Cuando Iker se hubo marchado, Medes rumió su cólera.
Sabía juzgar a sus adversarios, y éste era especialmente peligroso. Naturalmente, el secretario de la Casa del Rey se comportaría como un perfecto cortesano y no dejaría de halagar al hijo real, pero esa técnica sería sin duda insuficiente. Habría que arrebatarle poco a poco el crédito ante los dignatarios, haciéndoles comprender que aquel escriba era sólo un intrigante, un provinciano ambicioso carente de competencia y de envergadura y, peor aún, que dañaba la reputación del monarca. Actuando poco a poco, Medes iría destilando un eficaz veneno.
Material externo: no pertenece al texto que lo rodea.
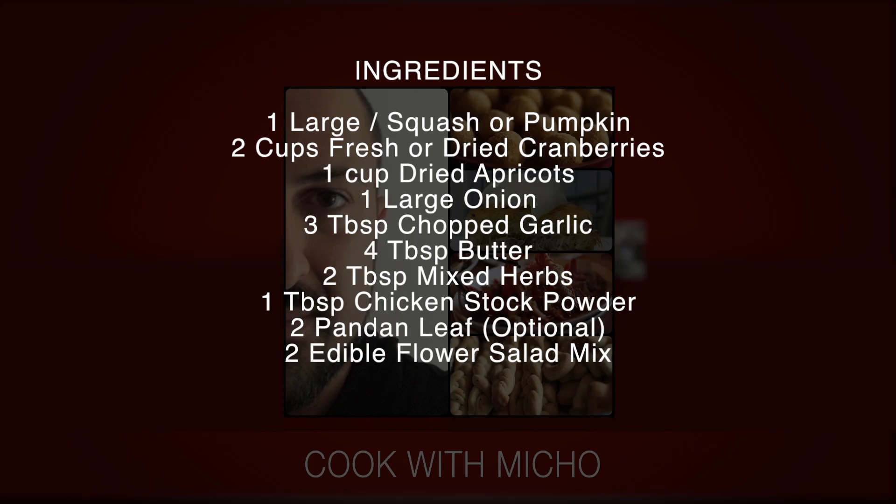Hi guys, Michelle from Wallowa TV and we've got a Christmas recipe to warm the heart of Santa Claus and get those reindeers pumped for their Christmas run. Pumpkin filled with cranberries, dried apricots and baked with pepper and basil. These simple ingredients will give you and your family a Christmas to remember.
De momento tenía algo urgente que hacer: ponerse de nuevo en contacto con el libanés.
El aguador podía estar satisfecho de su trabajo de hormiga. Semana tras semana había conseguido contratar a algunos informadores eficaces, especialmente, miembros del personal de limpieza de palacio. Una de las mujeres del servicio observaba las idas y venidas de Medes. Por lo que se refiere a la rica morada del secretario de la Casa del Rey, estaba bajo vigilancia desde hacía mucho tiempo.
Por orden del Anunciador, el libanés comprobaba que Medes se comportase como un aliado leal. Al anunciarle su visita, el comerciante no se sorprendió. Las últimas turbulencias no debían de tranquilizar al alto dignatario, que persistía en seguir el procedimiento habitual con la máxima prudencia.
—Queridísimo amigo, ¿cómo os encontráis?
—¿Qué ocurrió en Dachur?
—Sentaos, Medes, y probad algunas golosinas.
—¡Quiero saberlo, y en seguida!
—No perdáis los nervios.
—Para que nuestra colaboración sea duradera excluyo entre nosotros la menor sombra.
—Estad tranquilo, el Anunciador no lo entiende de otro modo. Dachur fue atacado por un valeroso comando, pero, por desgracia, una inesperada resistencia no le permitió alcanzar su objetivo: dañar la pirámide. Así pues, seguirá produciendo energía. Dadas las recientes medidas de protección, un nuevo ataque, al menos inmediatamente, sería una locura.
—Iker, el hijo real, fue el responsable de ese fracaso. El muchacho perjudica nuestros intereses. Es preciso suprimirlo.
El libanés esbozó una leve sonrisa.
—¿Suprimirlo o utilizarlo?
—¿De qué modo?
—Al Anunciador le gusta mucho el ardor que anima a ese escriba y sabe cómo manejarlo. Este problema quedará resuelto.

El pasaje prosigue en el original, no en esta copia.